Since client connections already do fcntl(FD_CLOEXEC), postgres_fdw
connections didn't have this problem.  It seems reasonable to want to
skip a couple of system calls there too; also, client programs might
also be interested in future-POSIX's atomic race-free close-on-exec
socket fabrication.  So here also is a patch to use SOCK_CLOEXEC on
that end too, if available.

But ... hmph, all we can do here is test for the existence of
SOCK_NONBLOCK and SOCK_CLOEXEC, since there is no new function to test
for.  Maybe we should just assume accept4() also exists if these exist
(it's hard to imagine that Apple or IBM would address atomicity on one
end but not the other of a socket), but predictions are so difficult,
especially about the future!  Anyone want to guess if it's better to
leave the meson/configure probe in for the accept4 end or just roll
with the macros?

> Logging collector pipe write end, in backends?

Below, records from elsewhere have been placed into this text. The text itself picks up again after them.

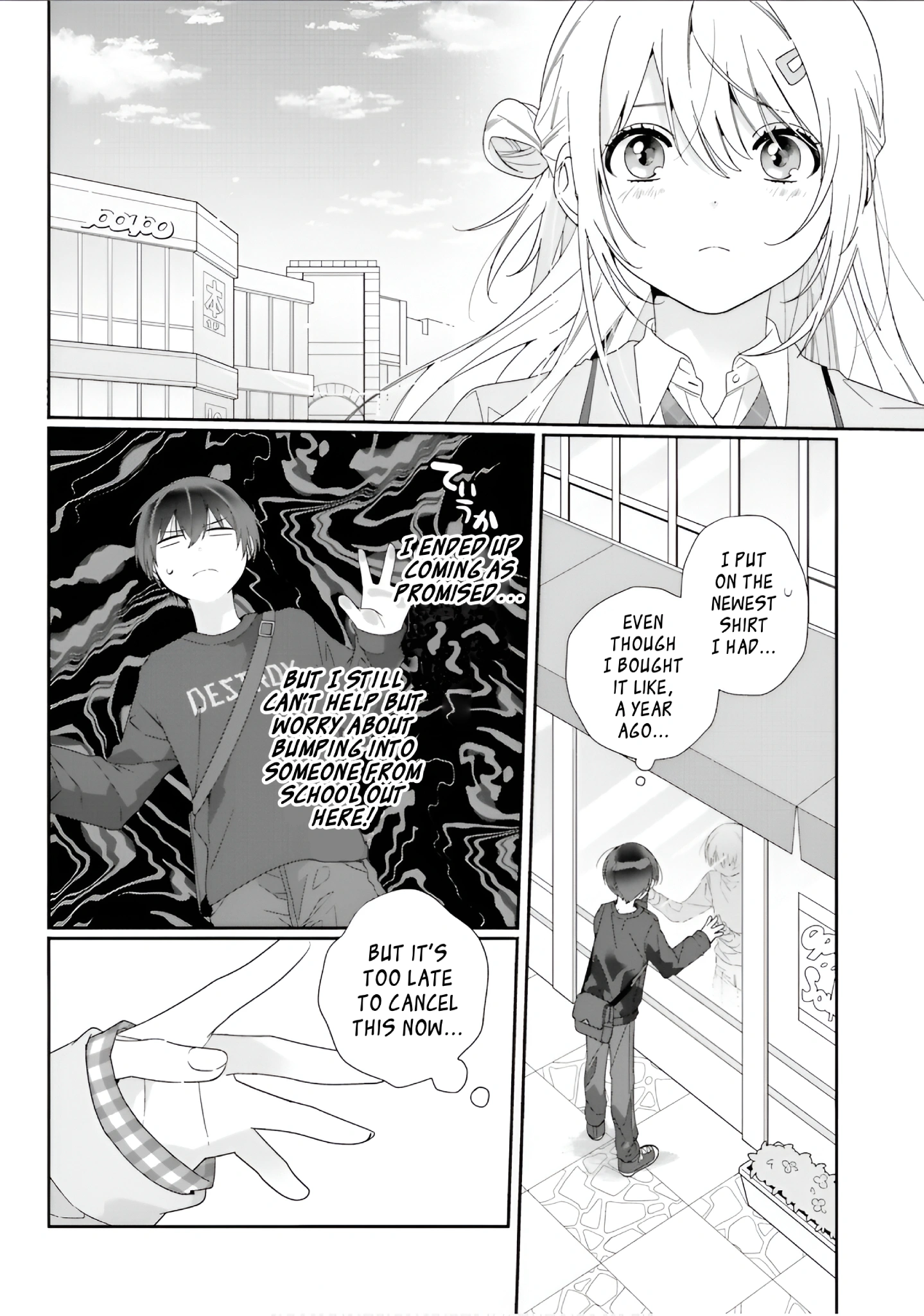 I Made Friends with the Second Prettiest Girl in My Class Chapter 3.1 page 22 - 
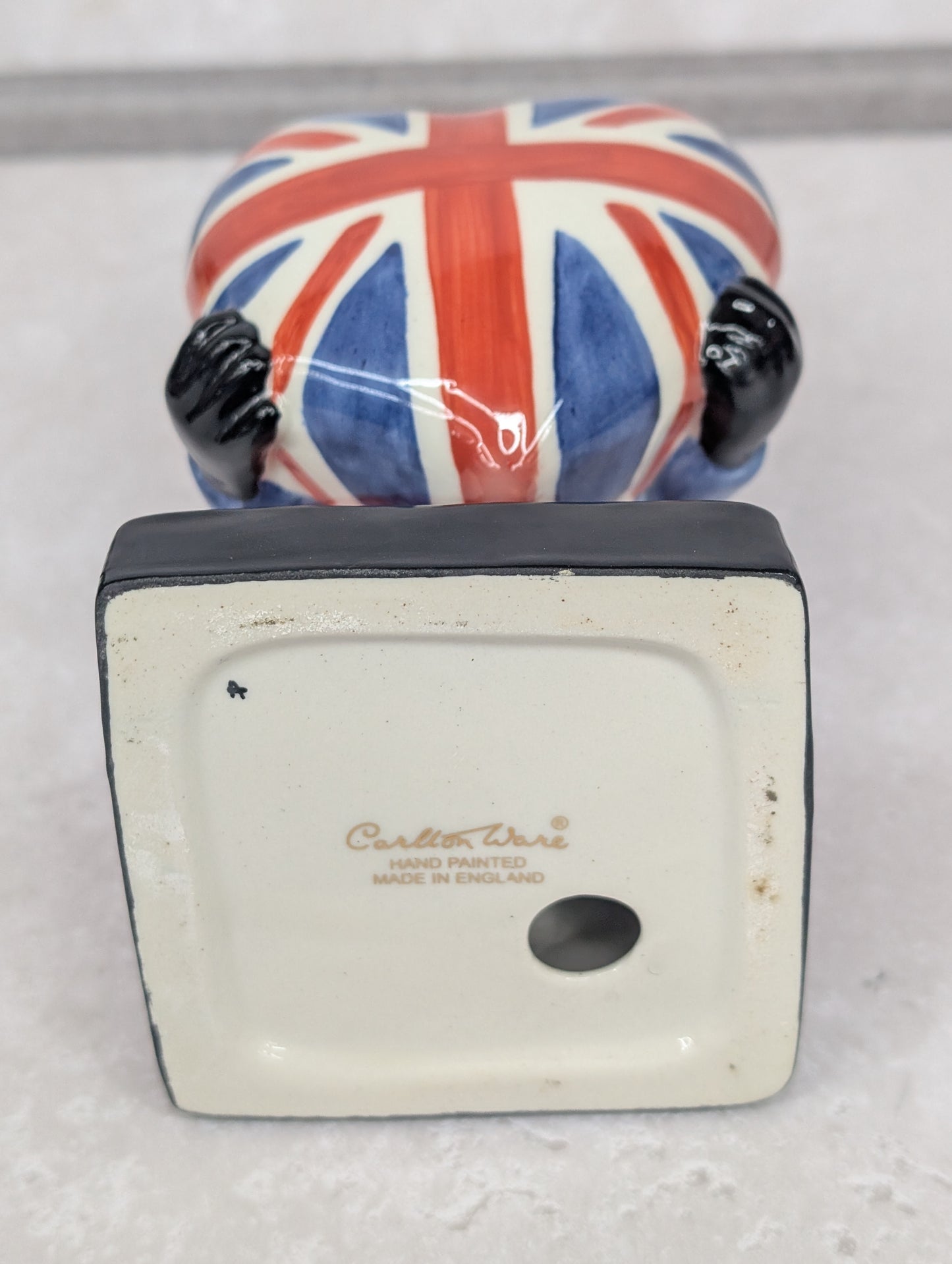 Golly with Union Jack Heart by Carltonware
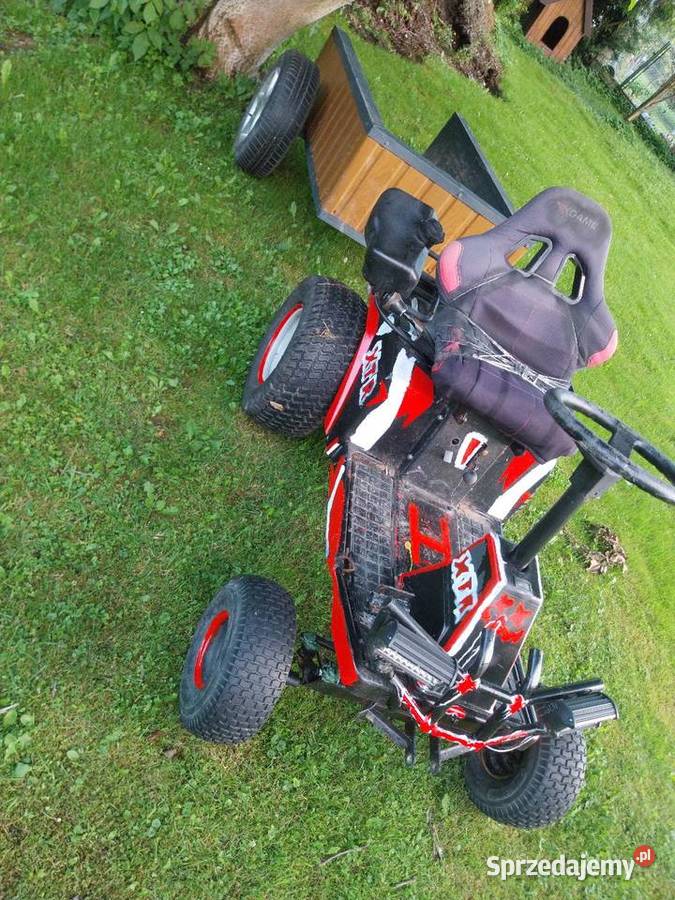 Traktorek quad części przyczepka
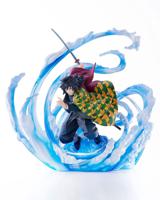 Demon Slayer: Kimetsu No Yaiba Statue 1/8 Giyu Tomioka DX Ver. 29 Cm - thumbnail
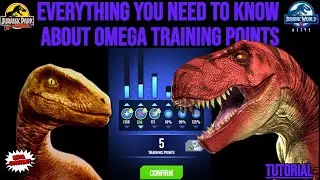 Everything You Need to Know About Omega Training Points in Jurassic World Alive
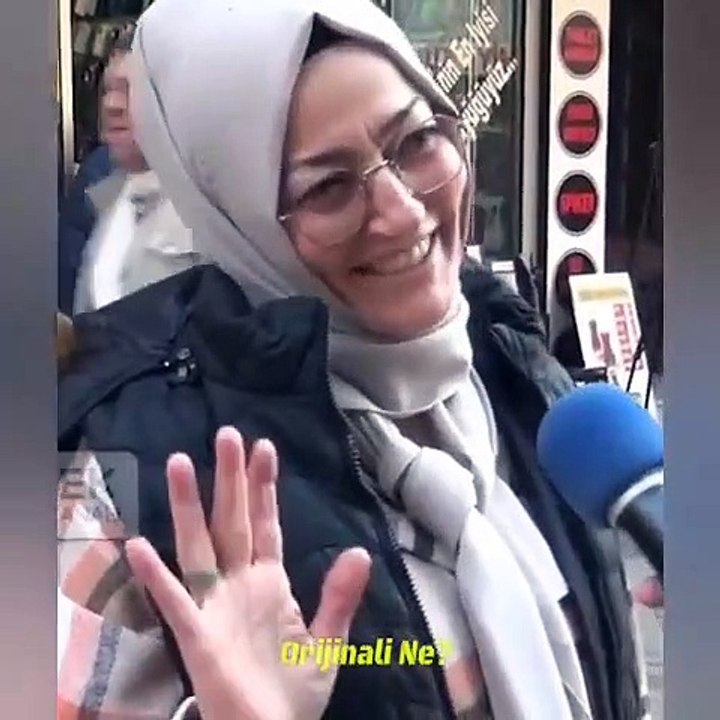 Sokak röportajında "Geçinemiyoruz" diyen vatandaşları eleştiren kadına cevap vatandaştan geldi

The write end of the logging pipe is already closed, after dup2'ing it
to STDOUT_FILENO to STDERR_FILENO, so archive commands and suchlike do
receive the handle, but they want them.  It's the intended and
documented behaviour that anything written to that will finish up in
the log.

As for pipe2(O_CLOEXEC), I see the point of it in a multi-threaded
application.  It's not terribly useful for us though, because we
usually want to close only one end, except in the case of the
self-pipe.  But the self-pipe is no longer used on the systems that
have pipe2()-from-the-future.

I haven't tested this under EXEC_BACKEND yet.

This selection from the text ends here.